The UK economy showed no growth in January 2026, disappointing expectations for a strong rebound after late-2025 weakness, according to Deutsche Bank’s Chief UK Economist Sanjay Raja [1]. The Office for National Statistics (ONS) confirmed that UK GDP flatlined in January, compared to a 0.1% increase in the previous month, and below the estimated 0.2% rise [2]. Broad softness was observed across services, industry, and construction, with administrative and support services declining by 2.3% month-on-month, largely due to a 5.7% drop in employment activities. Hospitality also fell by 1.8% month-on-month [1]. The Index of Services increased by 0.2% on a three-month basis, versus December’s 0%, while monthly Industrial Production fell by 0.2% and Manufacturing Production rose by 0.1%, both below market consensus [2].
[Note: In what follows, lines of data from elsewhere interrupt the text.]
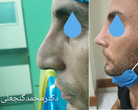 تصویر 4 متخصص گوش و حلق بینی دکتر محمد گنجعلی 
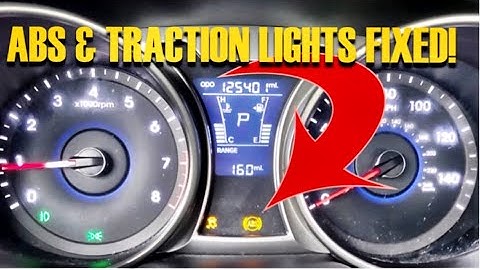 ABS & TRACTION LIGHT FIXED FAST & EASY ON A 2013 HYUNDAI VELOSTER, SONATA, ELANTRA, OPTIMA, FORTE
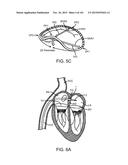 PROSTHETIC HEART VALVE DEVICES, PROSTHETIC MITRAL VALVES AND ASSOCIATED     SYSTEMS AND METHODS diagram and image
The weak GDP data triggered a negative reaction in the Pound Sterling (GBP), which edged lower against the Euro (EUR). The EUR/GBP cross held gains above 0.8600, trading near 0.8630 during the early European session on Friday [2]. Deutsche Bank warns that the Iran conflict, rising energy prices, and higher uncertainty could further weigh on UK growth, real incomes, spending, and investment [1]. Sanjay Raja notes that the Bank of England faces an uncomfortable trade-off, needing to navigate these headwinds carefully to avoid a more protracted downturn [1].
Meanwhile, traders have increased pricing for European Central Bank (ECB) rate hikes after hawkish comments from central bank members. ECB policymaker Isabel Schnabel stated that new quarterly forecasts will partly incorporate the economic impact of the war in Iran, and Governing Council member Peter Kazimir suggested a rate hike may be closer than previously thought. Swaps pricing now indicates the ECB could tighten monetary policy as soon as June, according to LSEG data [2].
Overall, the weak UK GDP data has heightened concerns about growth prospects and contributed to currency market volatility, with the GBP weakening and expectations for ECB rate hikes accelerating.
CONCLUSION
UK GDP stagnated in January 2026, falling short of expectations and highlighting broad economic weakness. The disappointing data weighed on the Pound Sterling and increased market concerns about future growth, while traders now anticipate faster ECB rate hikes. The market takeaway is a negative sentiment for UK assets and heightened uncertainty for monetary policy in both the UK and Eurozone.